Het was een sobere plechtigheid, de begrafenis van Guus Rekers, er waren heel veel mensen, heel veel.  Zijn dochters hielden mooie toespraken, zongen liedjes er werd veel muziek gespeeld en gedraaid. Een van zijn dispuutgenoten hield een verhaal over zijn studententijd en daarna. Het geheel maakte een treurige en een ontspannen indruk, was tegelijk licht van toon en diepergaand.

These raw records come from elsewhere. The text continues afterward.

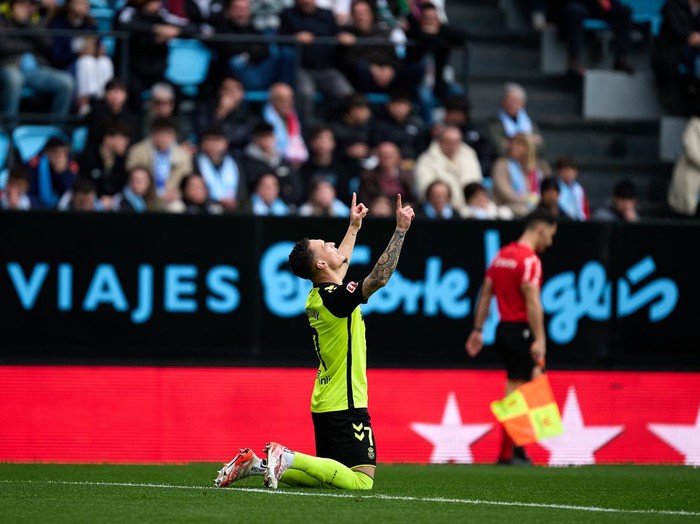VIGO, SPAIN - FEBRUARY 08: Antony dos Santos of Real Betis celebrates after scoring their side's first goal during the LaLiga match between RC Celta de Vigo and Real Betis Balompie at Estadio Balaidos on February 08, 2025 in Vigo, Spain. (Photo by Bruno Penas/Quality Sport Images/Getty Images)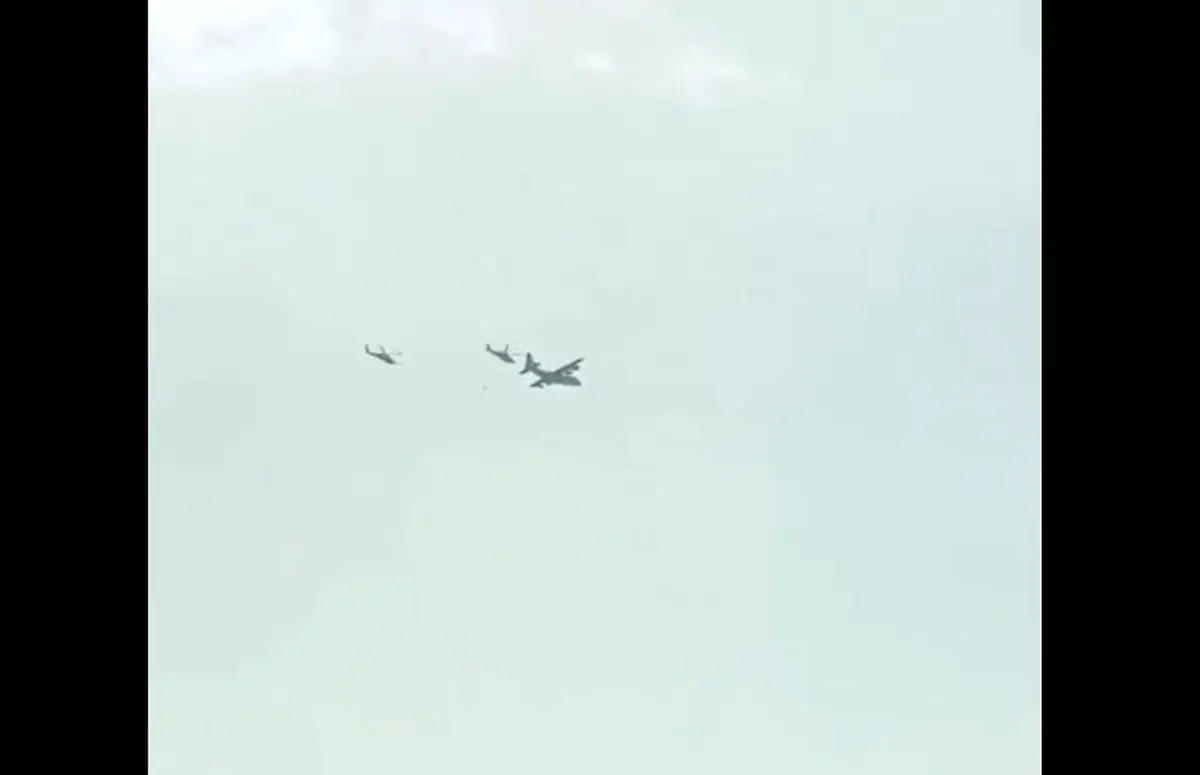 پدافند ایران ۲ بالگرد آمریکایی را حین عملیات جستجو برای یافتن خلبانان هدف گرفت/ تمامی خدمه نظامی حاضر در بالگردها سالم هستند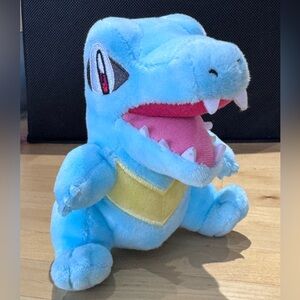 Pokemon Totodile Sitting Big Jaw Plush Water Blue Johto Toy
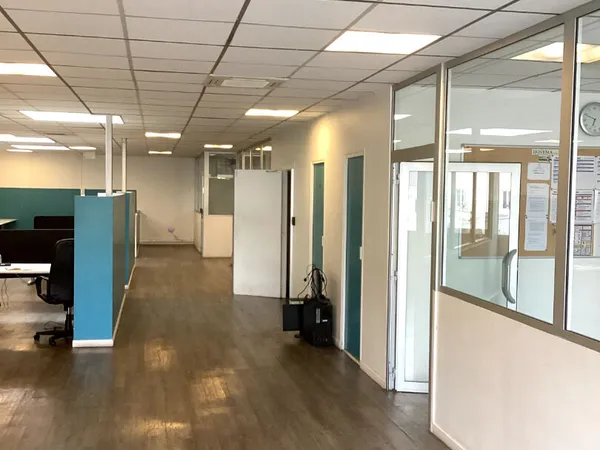 Bureaux/locaux d'activité 240m2 à louer - Proche métro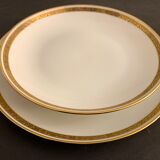 8 flat porcelain plates from Limoges Bernardaud, gilded Greek decoration, twentieth century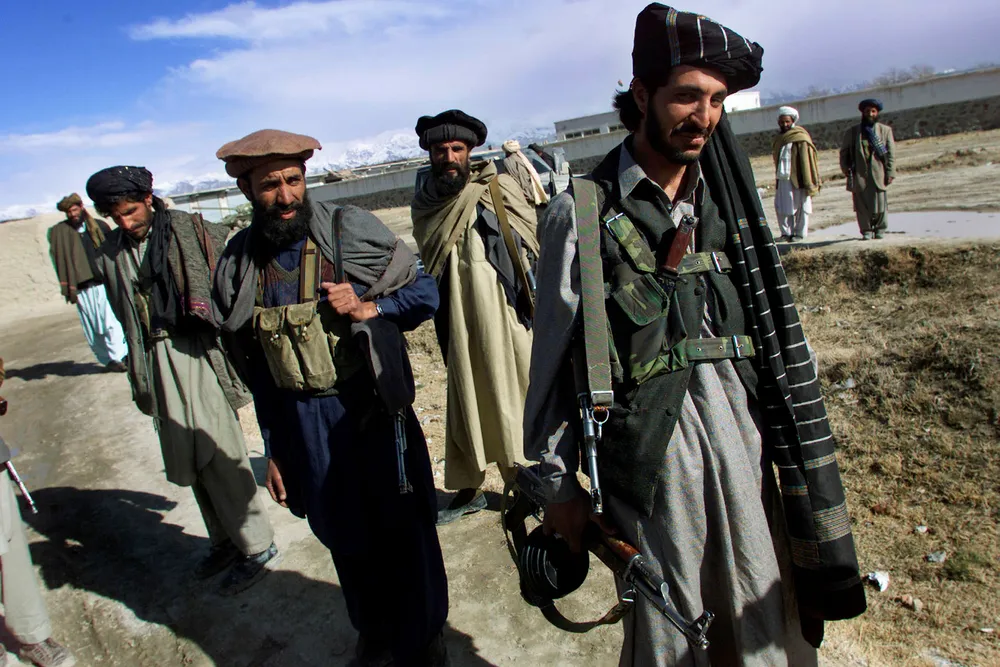 Afghanske Taliban-krigere trekkes nå inn i forsvarsdebatten mellom pensjonert flaggkommandør Jacob Børresen og tidligere forsvarssjef Sverre Diesen.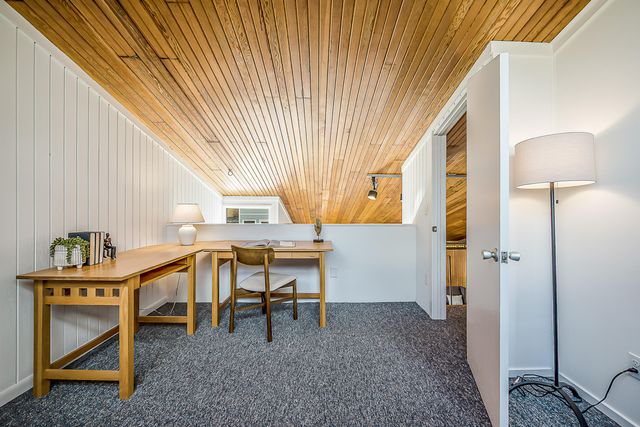 1307 Beechwood Drive, Ann Arbor, MI 48103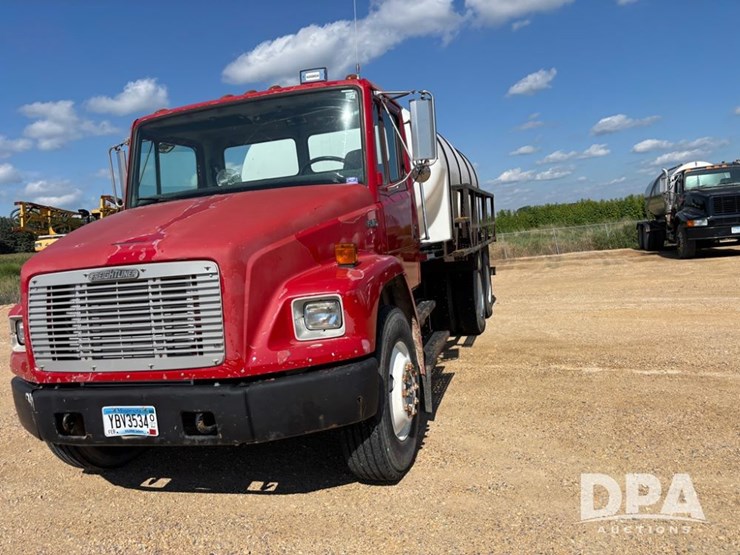 1995-freightliner-fl80-image-27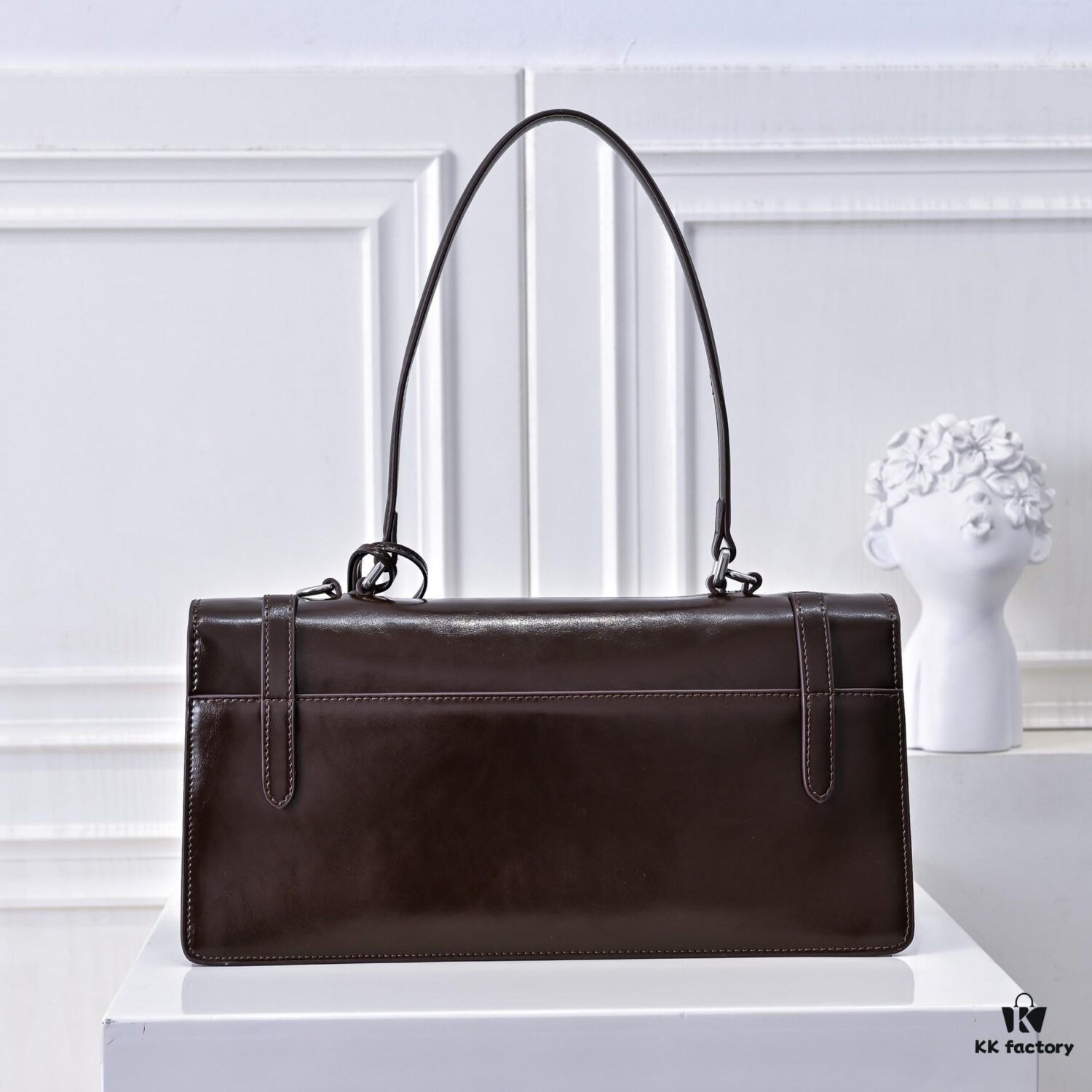 ✨New Launch✨ 2025 PRADA Pre-Spring Soft Sound Handbag in Suede Oil Wax Leather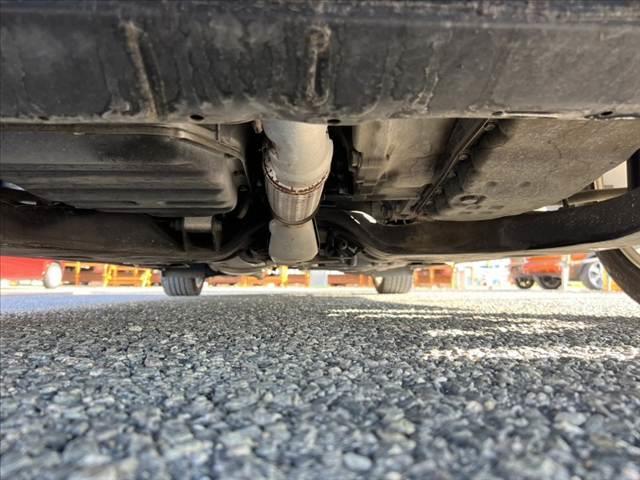 エルグランド ２５０ハイウェイスター　純正ナビ／Ｂｌｕｅｔｏｏｔｈ　フリップダウンＭ　両側電動スライド　スマートキー　ＥＴＣ　オットマン　アラウンドビュー　１００Ｖ電源　Ｐガラス　ステリモ　電動格納ミラー　革巻きステア　合皮シート（60枚目）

Zo’n aula vol met mensen houdt zich een dik uur intens bezig met de overledene, graaft in zijn en haar verleden naar aanknopingspunten, herinneringsflarden en ontspant zich dan in de koffieruimte waar in dit geval Guus’ wijnvoorkeur werd geschonken. Ik heb het daar wat moeilijker mee en ben dus maar gauw weggegaan. Het zou hem goed gedaan hebben dat veel van de sprekers gedichten van hem voorlazen, zo ontstond er in de loop van het uur een taalgevoelig patroon dat een andere Guus dan die we kennen naar boven bracht: dichtregels in hun compacte vorm zeggen meer over een mens dan een dikke biografie.  Ik vond het jammer dat er maar zo weinig toneelspelers aanwezig waren, ik telde er twee. Twee van de tientallen, zo niet honderden die in de loop van de Publiekstheaterjaren mede door hem zulke mooie rollen konden spelen, jammer. Ze moesten eens weten hoe veel inspirerende woorden, ideeen hun regisseurs aan hem te danken hadden, woorden en ideeen die spelers lieten bloeien. Zijn diepgravende tekstinterpretaties gaven zo vaak spelers de gelegenheid onvermoede kanten van hun rollen te tonen. (Ik moet nu naar Baarn voor avondopnames voor de Held, maar later zal ik op deze plek daar voorbeelden van geven.)